Quasiparticle diffusion based heating in superconductor tunneling micro-coolers

TL;DR

This paper presents an analytic model for quasiparticle diffusion in superconductor tunnel junctions, showing how quasiparticle accumulation near the interface reduces cooling efficiency, with implications for superconducting devices.

Contribution

It introduces a simple, analytic diffusion model for excess quasiparticles in superconductors with trap junctions, enhancing understanding of device efficiency limitations.

Findings

Quasiparticle accumulation impairs cooling efficiency.

Analytic solution depends on accessible experimental parameters.

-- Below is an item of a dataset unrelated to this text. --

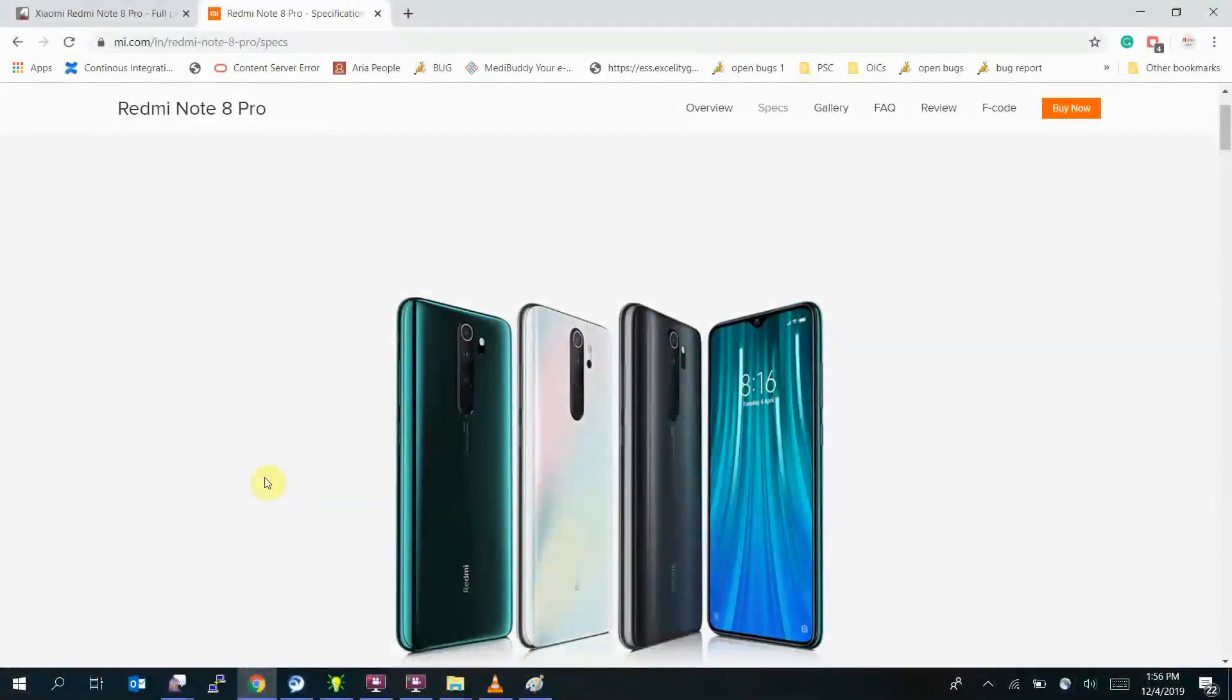Welcome to my channel. Today I'm going to show you one of the features on Redmi Note 8 Pro and I feel it's amazing. It's one of the new features Redmi has introduced on the device. I have not seen this on earlier phones.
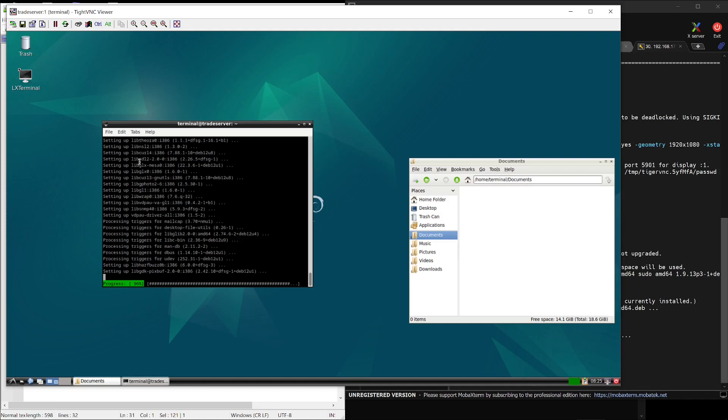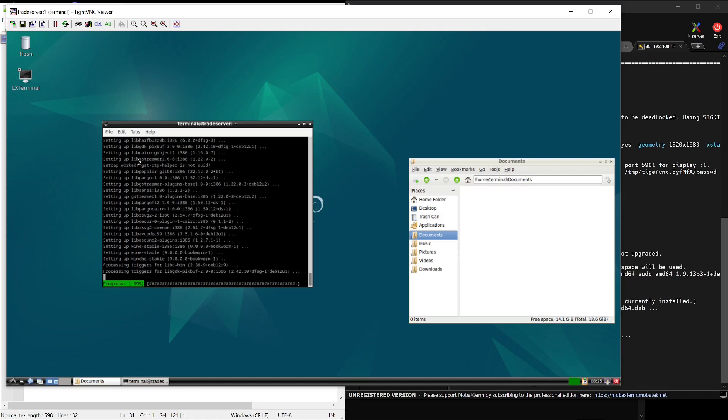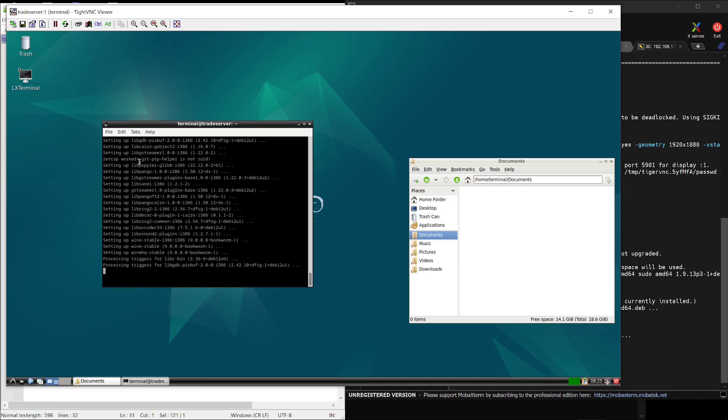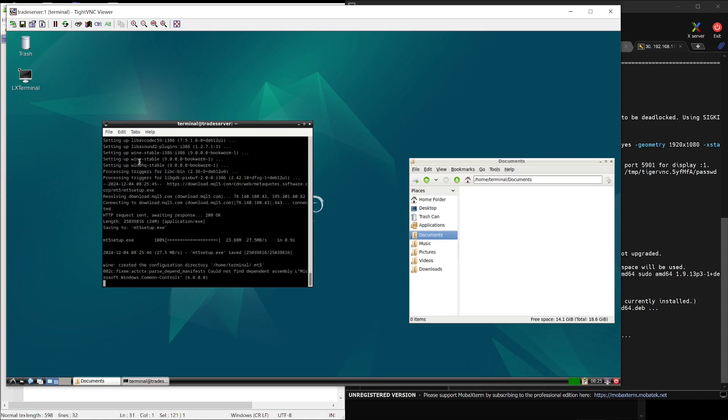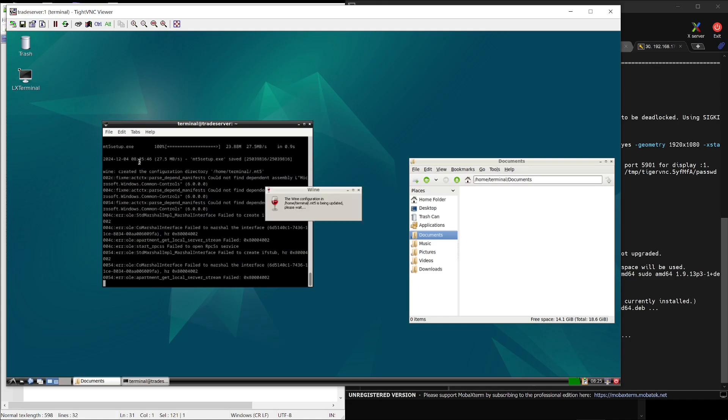Hi traders, welcome back. In today's video, I'll show you how to run MetaTrader on a Linux server.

Model applicable to superconducting detectors and micro-coolers.

Abstract

In a hybrid Superconductor - Insulator - Normal metal tunnel junction biased just below the gap, the extraction of hot electrons out of the normal metal results in electronic cooling effect. The quasiparticles injected in the superconductor accumulate near the tunnel interface, thus increasing the effective superconductor temperature. We propose a simple model for the diffusion of excess quasiparticles in a superconducting strip with an additional trap junction. This diffusion model has a complete analytic solution, which depends on experimentally accessible parameters. We find that the accumulated quasiparticles near the junction reduce the efficiency of the device. This study is also relevant to more general situations making use of superconducting tunnel junctions, as low temperature detectors.